● **THE RECORDS**
........

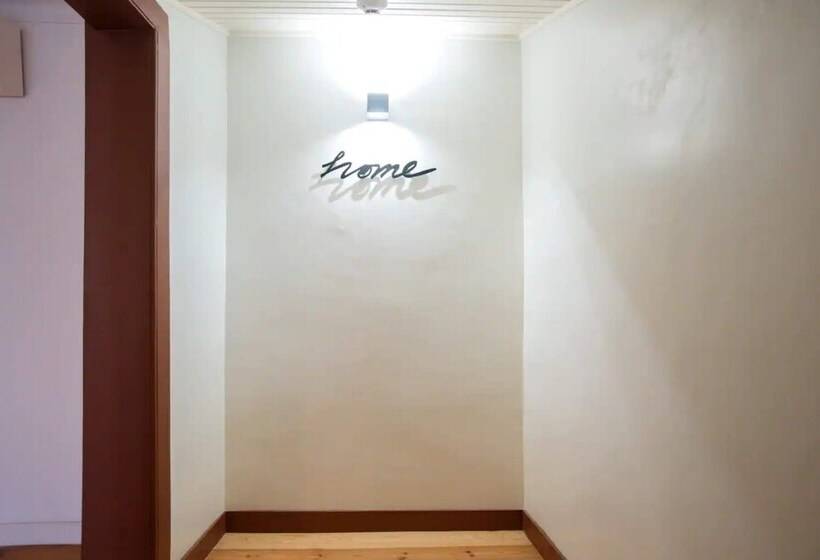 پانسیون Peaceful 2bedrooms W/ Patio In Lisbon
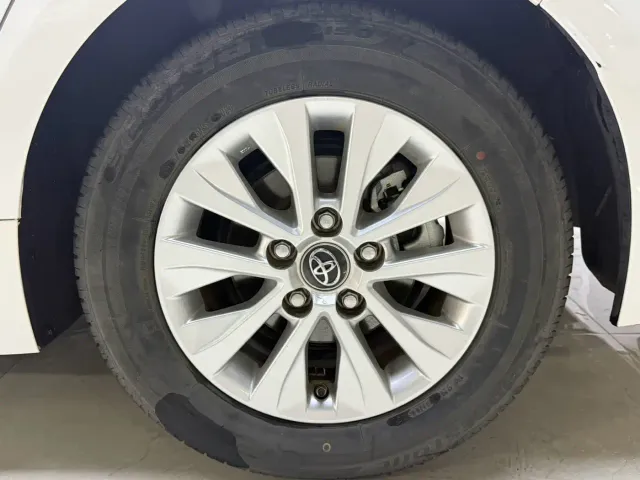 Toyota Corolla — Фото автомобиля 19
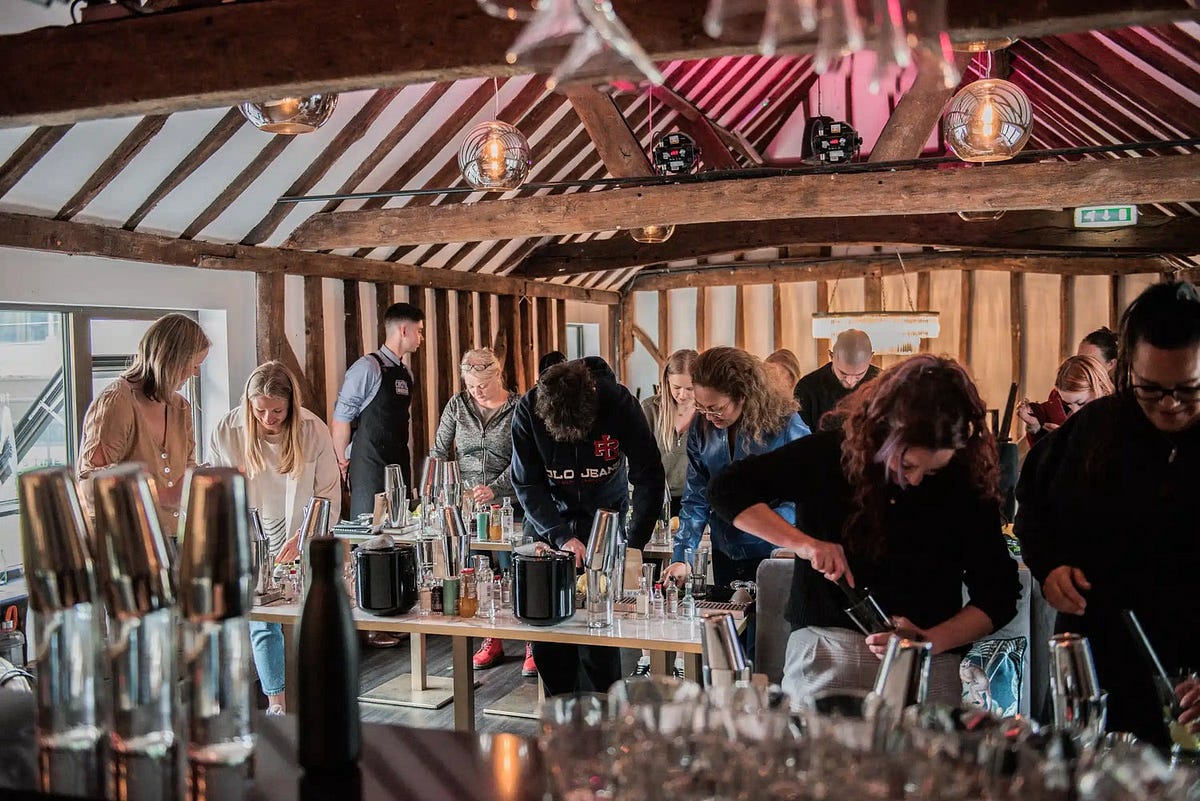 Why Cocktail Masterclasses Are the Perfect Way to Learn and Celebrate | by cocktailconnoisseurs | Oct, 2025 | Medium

........

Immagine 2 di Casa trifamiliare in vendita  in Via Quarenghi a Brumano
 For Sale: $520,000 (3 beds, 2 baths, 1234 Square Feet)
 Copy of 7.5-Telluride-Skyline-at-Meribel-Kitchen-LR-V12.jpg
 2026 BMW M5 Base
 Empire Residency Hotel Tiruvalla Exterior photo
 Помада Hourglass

........

● **WHAT IS BEING ASKED**
Taking the lines above, repeat exactly those from the line that contains "Copy of 7.5-Telluride-Skyline-at-Meribel-Kitchen-LR-V12.jpg" through the line that contains "Помада Hourglass", and both of those lines as well. Include nothing else.

● **OUTPUT FOR THIS EXERCISE**
 Copy of 7.5-Telluride-Skyline-at-Meribel-Kitchen-LR-V12.jpg
 2026 BMW M5 Base
 Empire Residency Hotel Tiruvalla Exterior photo
 Помада Hourglass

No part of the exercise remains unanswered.